The trees sit on private property, so normally they would be the responsibility of the owner. But because these Monterey cypresses are home to wild parrots — one of the city's newest tourist attractions — San Francisco officials are planning to take the unusual step of insuring the trees.
As the subject of a best-selling book by Mark Bittner and now of a documentary by Judy Irving, the parrots are well-known. Irving's film focuses on Bittner, a formerly homeless, aspiring musician. He found his calling when he adopted and began caring for a flock of wild parrots. In one of the opening scenes, Bittner feeds the birds as he talks to a group of tourists.
"They were originally wild birds that were caught down in the wild, shipped up here to be sold as pets. They were pets and then they were either, you know, deliberately released or escaped," he says. "But all these others you're seeing were born here in the city. They are actually wild, wild birds."
Irving says meeting Bittner reminded her of her childhood, when her grandfather taught her to feed birds.
"Mark has time to feed the birds, take care of sick birds inside the house, keep a detailed flock diary, all with no visible means of support, no money but all the time in the world," Irving says.
But not everyone feels so protective of the parrots. There has been a long fight over the fate of the birds' favorite perches — two Monterey cypresses on Telegraph Hill.
The owner of the trees said that they were old, rotten, and a liability since they could fall and injure someone. He says he has nothing against the parrots but that the trees ought to come down. When the owner hired a crew to perform that task two years ago, Bittner threw himself in front of the chainsaws.
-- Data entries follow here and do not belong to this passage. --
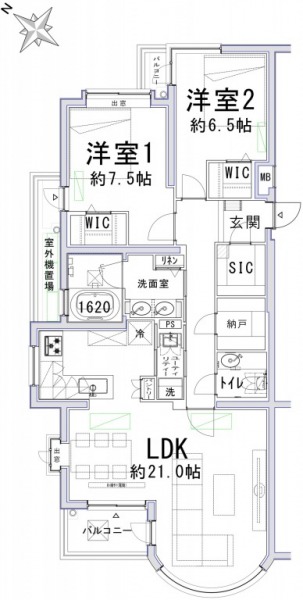 【間取り：2LDK】専有面積89.12㎡、バルコニー面積9.78㎡の2LDKの間取りです。約21帖の広々LDKに、約7.5帖と約6.5帖の洋室がありウォークインクローゼットを備え、廊下に納戸、玄関にはシューズインクローゼットを備えており、収納も充実しています。1620サイズのゆったりとしたバスルーム、ツインボウルの洗面台、スロップシンク付きのユーティリティルームと水回りもゆとりある造りとなっています。
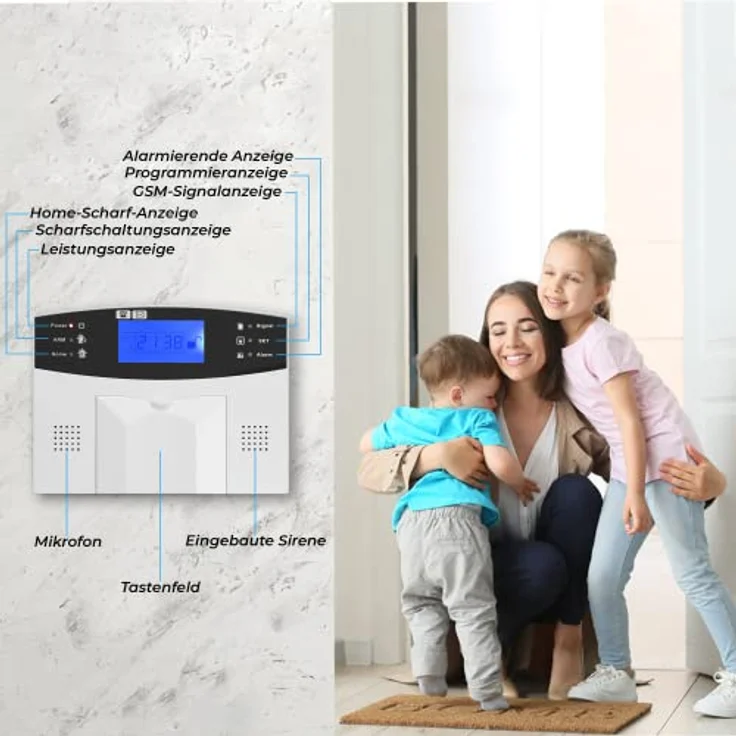 MKT M2B-4 GSM Funk Alarmanlagensystem Set aus 17 Teilen LCD Display – Bild 6
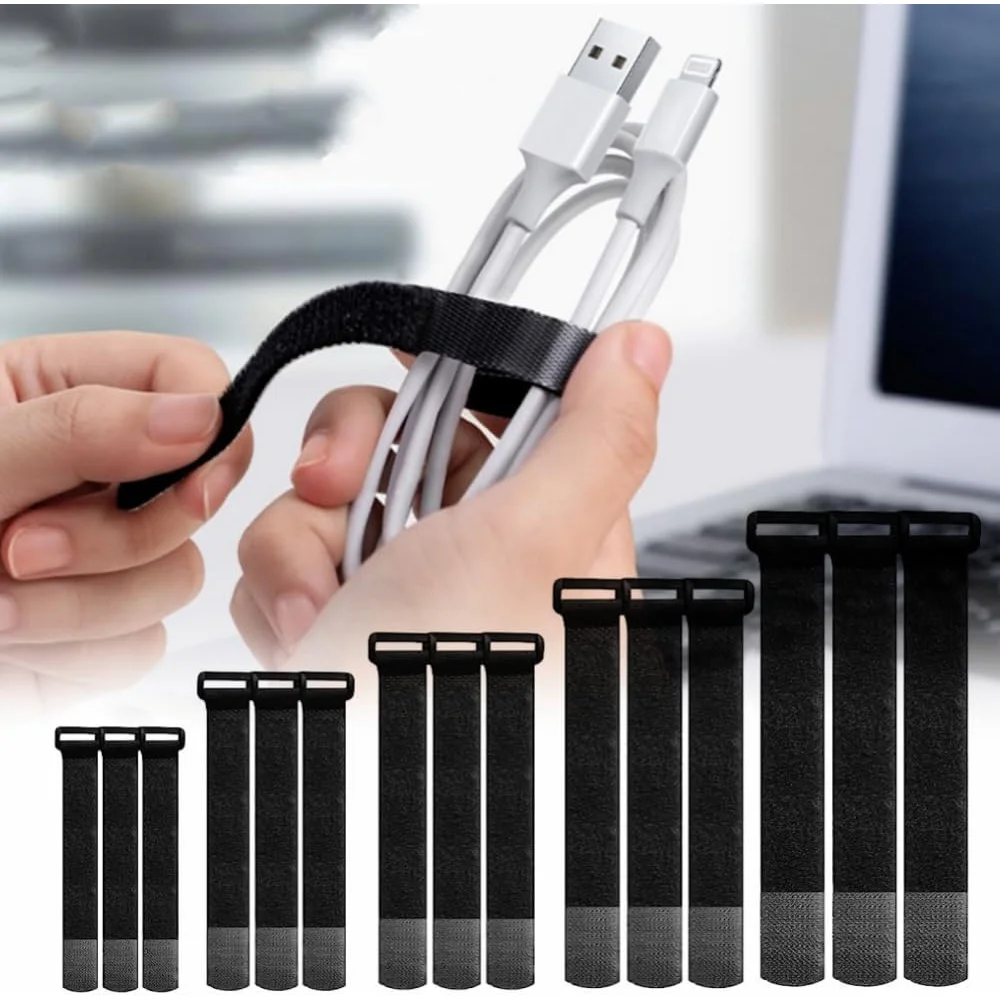 10 Pcs Reusable Hook Loop Nylon Straps Reverse Colored Fastening Tape Self Adhesive Cable Ties Wrap Bundle Fixed Ties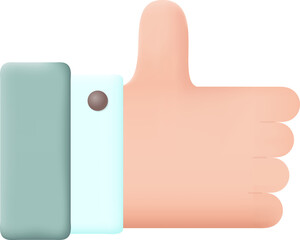 Like Hand Gesture 3D Icon Graphic Illustration on Transparent Background. Finger Class Thumb Up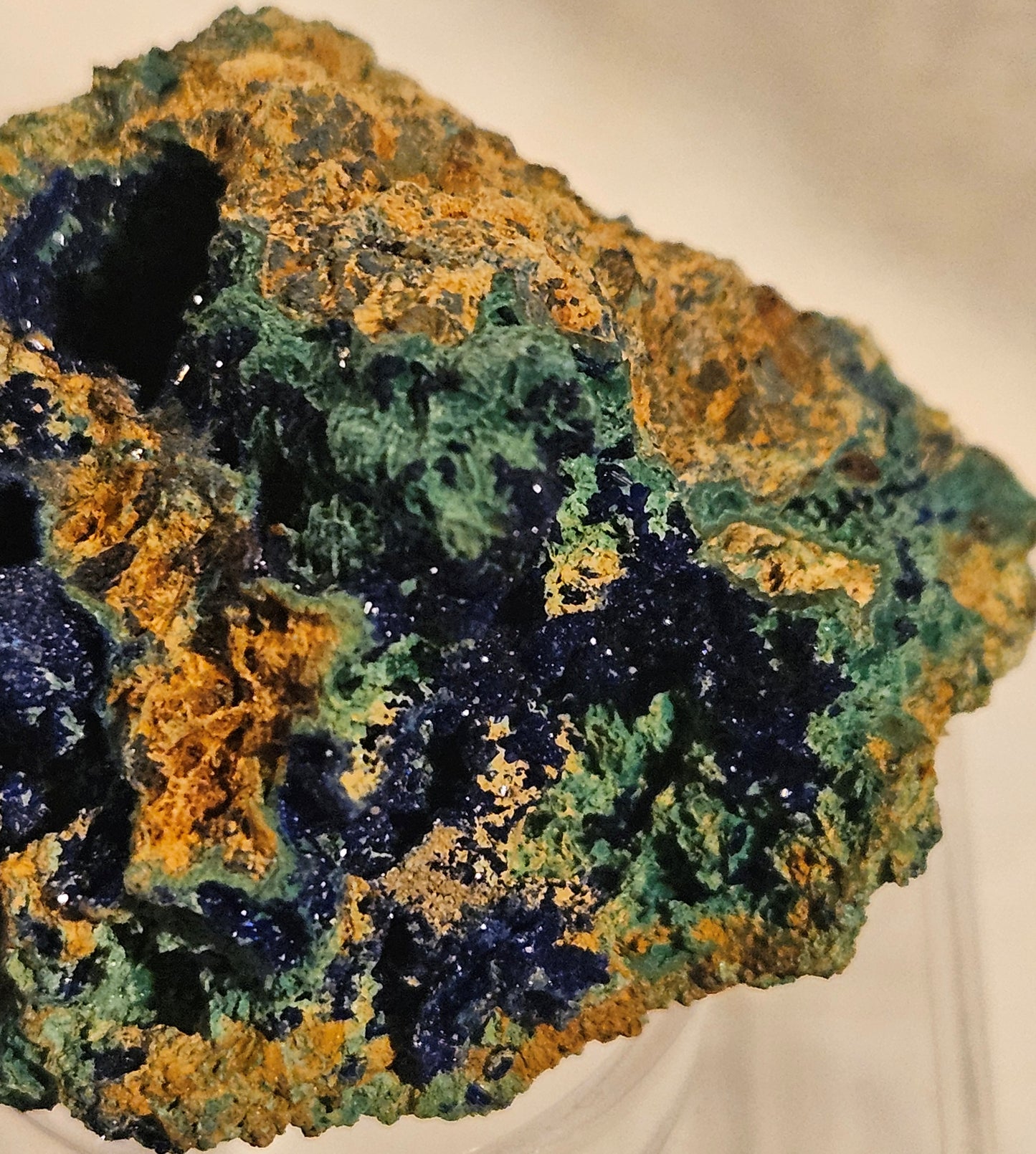Azurite & Malachite on Dolomite w/ sparkling Druzy [#1] Morocco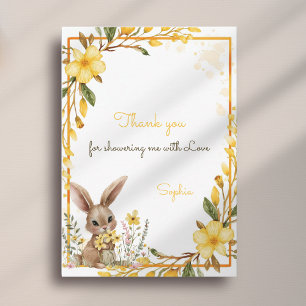 Tarjeta De Agradecimiento Conejito Lindo Flor Amarilla Fiesta de Bebé de Pas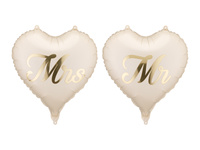 Balony foliowe serca MR i MRS 45 cm 2 szt.
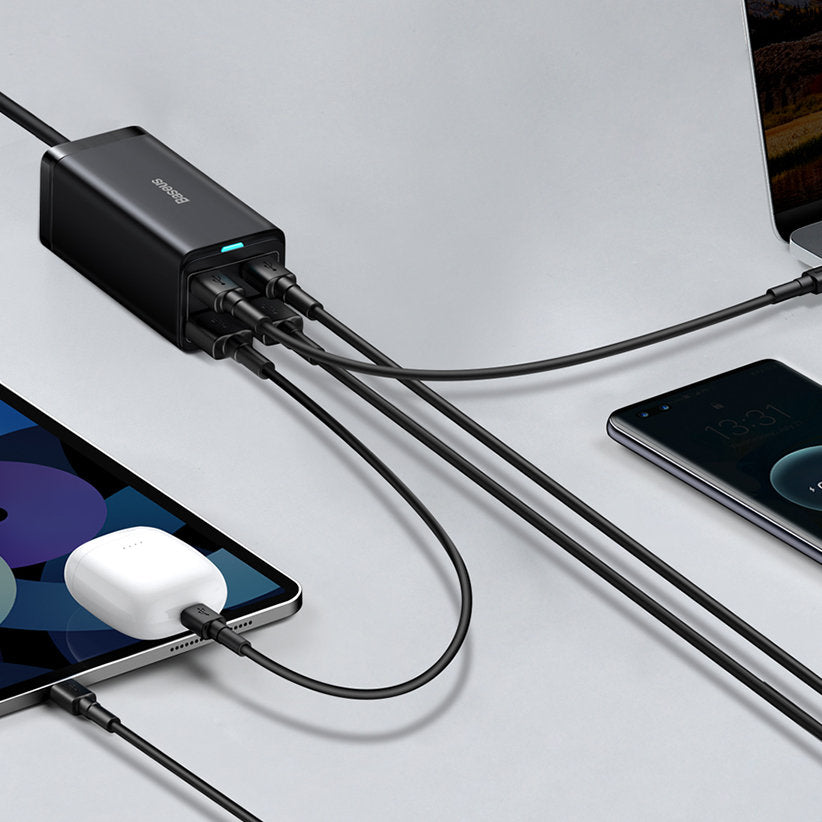 Nabíjačka Stanica USB-C Baseus GaN3 Pro, 100W, 5A, 2 x USB-A - 2 x USB-C, Čierna, Znovu zapečatená CCGP000101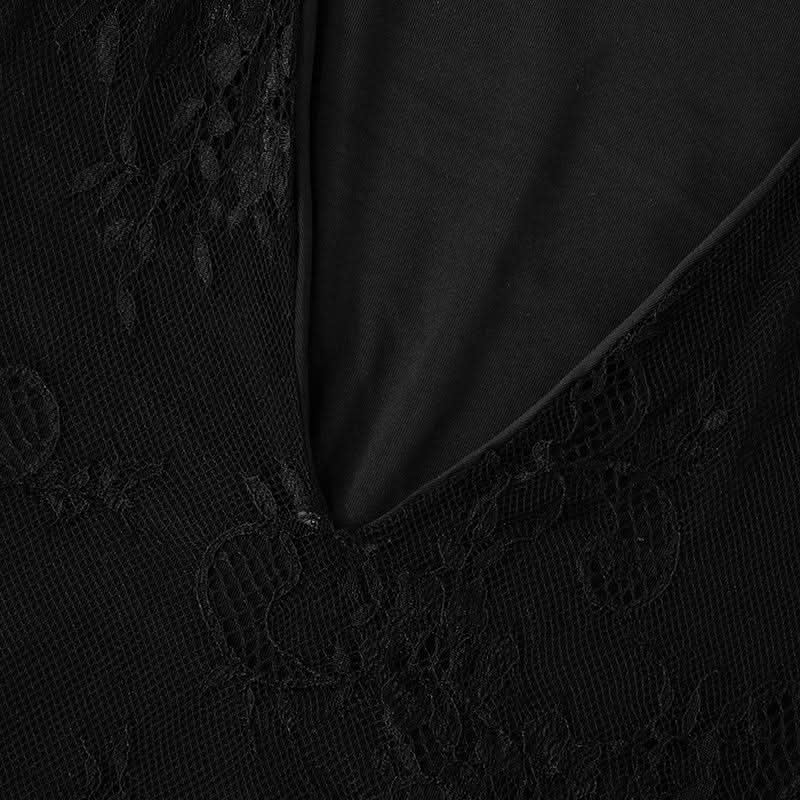 Long sleeve v neck lace maxi dress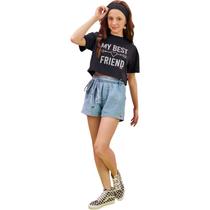 Blusa Menina Cropped Malha Friend Presente Dway 15346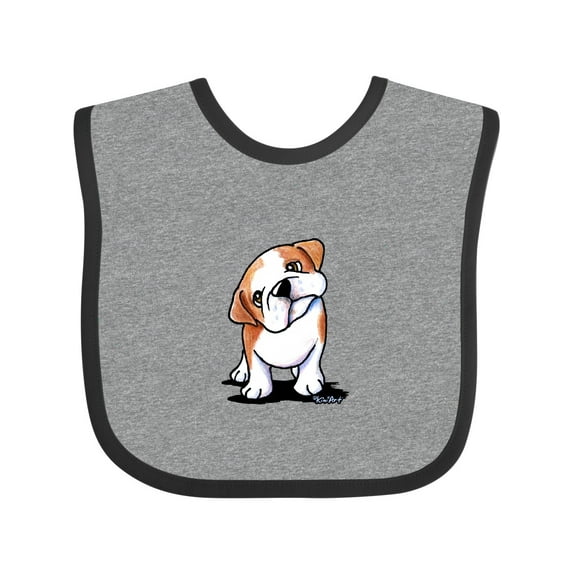 Inktastic KiniArt Bulldog Puppy Boys or Girls Baby Bib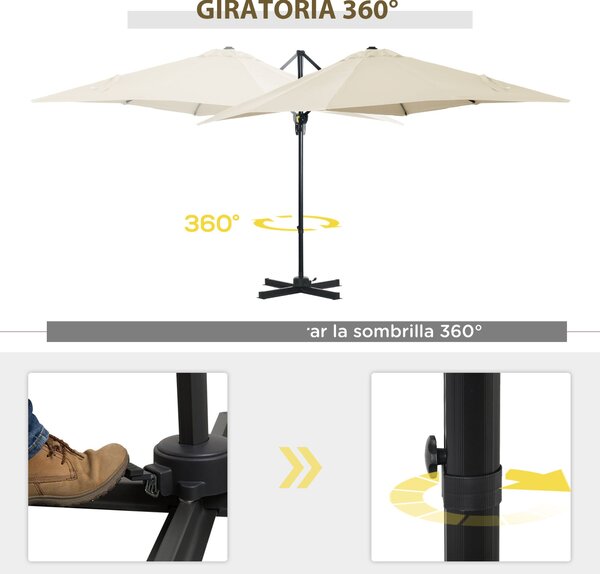 Outsunny Hliníkový Zahradní Parasol 245x245x245 cm Eccentrický S Kloubem 360° A 5 Úrovněmi Náklonu S Odnímatelným Krémovým Potahem | Aosom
Since then, the city has intervened, agreeing to insure the old trees. The Northeast San Francisco Conservancy, a non-profit group, has agreed to pay for pruning in hopes of extending the trees' lives. And the owner has agreed to plant six new trees in their place.
"I got 1,600 e-mails from people in San Francisco and around the world about the parrots, and I think it really is a unique feature that people come to see in San Francisco," says Bevan Dufty, a San Francisco County supervisor.
Dufty says he hopes the deal will be a model to other cities to find creative ways to preserve the natural environment. The county supervisors are expected to approve the deal in March.